Why This Release Matters Now
The timing of this update is not incidental. The past six months have seen a proliferation of agentic frameworks — Anthropic’s Claude Managed Agents, Microsoft’s Agent Framework 1.0, open-source projects like AutoGen and Mastra — each with their own conventions for memory, tool use, and execution. Developers building enterprise applications face a fragmented landscape with few shared standards below the model API layer.
OpenAI’s SDK update doesn’t attempt to unify this landscape, but it makes a specific bet: that the harness-plus-sandbox pattern will become the dominant architecture for production agents, and that OpenAI’s implementation of it should be the default starting point. The sandbox provider integrations — spanning cloud giants like Cloudflare and Vercel, and specialized providers like E2B and Modal — signal that OpenAI is trying to build an ecosystem rather than a closed stack.
This also represents a subtle but significant shift in OpenAI’s developer strategy. The original Agents SDK, launched in early 2025, was a relatively thin layer — useful for orchestrating multi-step tasks but requiring substantial custom work to deploy in production. This update is a statement that OpenAI intends the SDK to be the full-stack platform for enterprise agent development, not just a starting point that teams immediately replace with custom infrastructure.
Enterprise Implications
For enterprise development teams, the practical implications are several:
Reduced time-to-production: The harness and sandbox eliminate two of the largest categories of custom infrastructure work required to deploy production agents. Teams that previously spent weeks on scaffolding can now start from a much higher baseline.

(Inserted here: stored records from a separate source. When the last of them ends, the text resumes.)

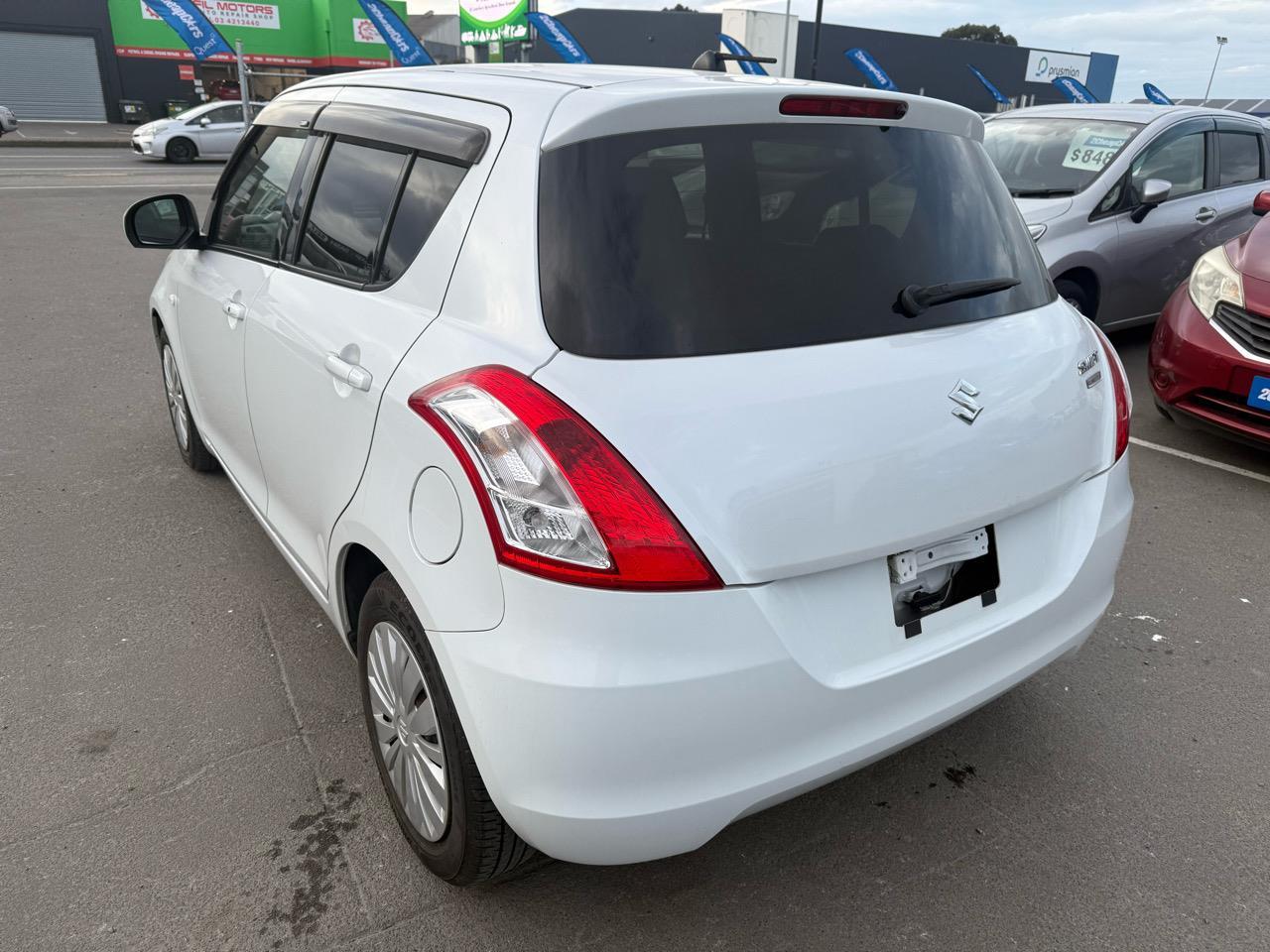 image-7, 2014 Suzuki Swift Idling Stop at Christchurch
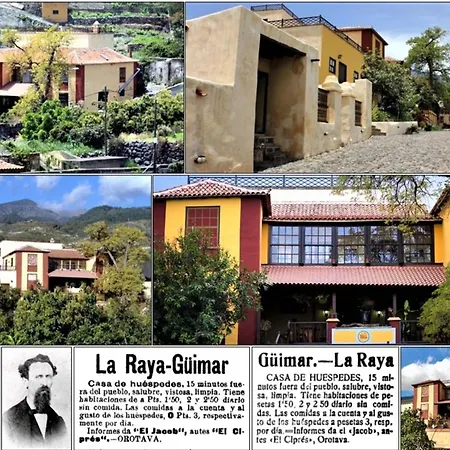 Rural La Raya 1866 Hotel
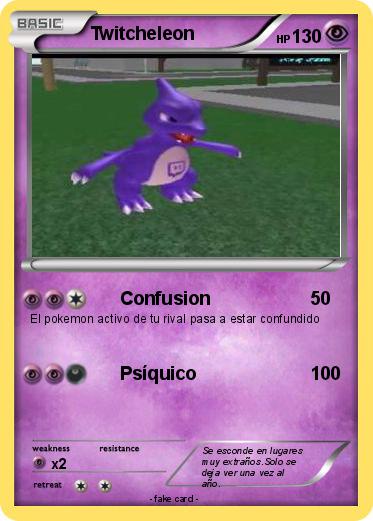 Pokemon Twitcheleon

Improved security posture: Standardized sandboxing reduces the attack surface of agentic deployments and makes it easier to reason about what an agent can and cannot access in a production environment.

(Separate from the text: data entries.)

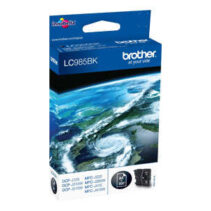 Brother LC985 Negro Cartucho de Tinta Original - LC985BKBP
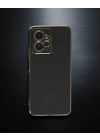 Xiaomi Redmi Note 12 4g Kılıf Volet Silikon - Siyah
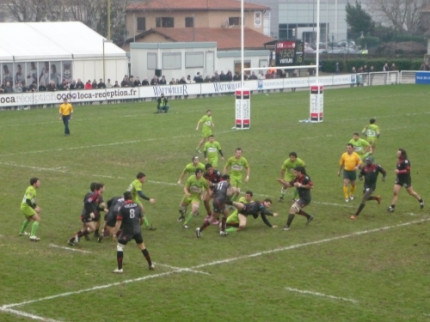 Le LOU en d&eacute;placement dans les Pyr&eacute;n&eacute;es-Atlantiques 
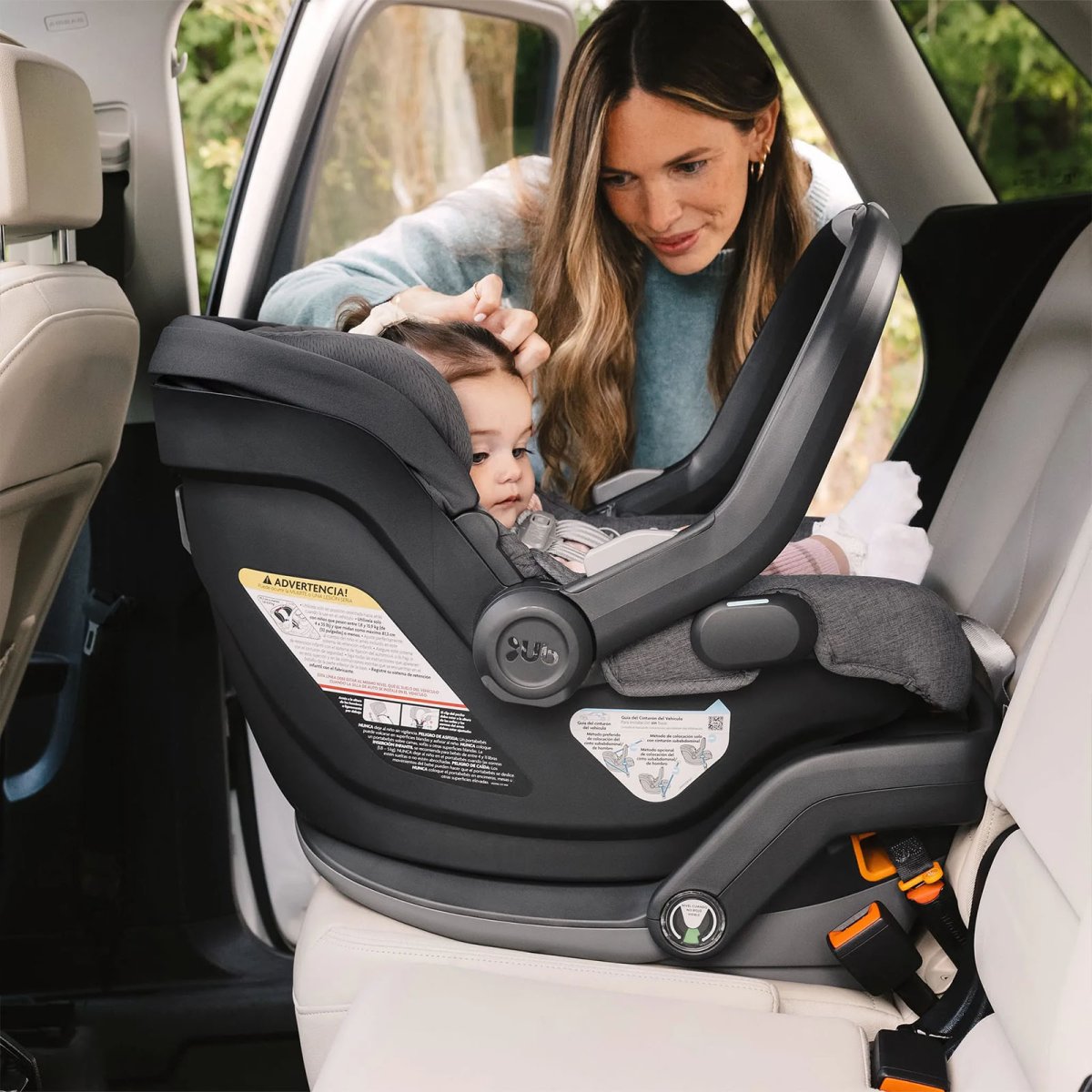 Mesa V2 Infant Car Seat - Greyson Dualtech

Storage integration: The Manifest’s support for S3, GCS, Azure Blob, and Cloudflare R2 means agents can work directly with data in enterprise data infrastructure rather than requiring data engineering teams to create specialized data pipelines.
Ecosystem coherence: As more teams adopt the same harness conventions, it becomes easier to share agents, tools, and workflows across teams and organizations — a network effect that strengthens as adoption grows.
Pricing for the new SDK capabilities uses standard API pricing, billed on tokens and tool use. There is no additional charge for the harness or Manifest abstractions; sandbox provider costs are billed directly by the respective providers.
What’s Next
OpenAI committed to bringing the harness and sandbox capabilities to TypeScript in a future release, acknowledging that a significant portion of enterprise development work happens in TypeScript rather than Python. The company is also working on additional agentic capabilities — including code mode and subagents — for both languages.
The broader direction is clear: OpenAI sees the Agents SDK as the primary interface through which enterprise developers will interact with its models for task execution — and it is investing accordingly to make that interface competitive with alternatives that have had more time to mature.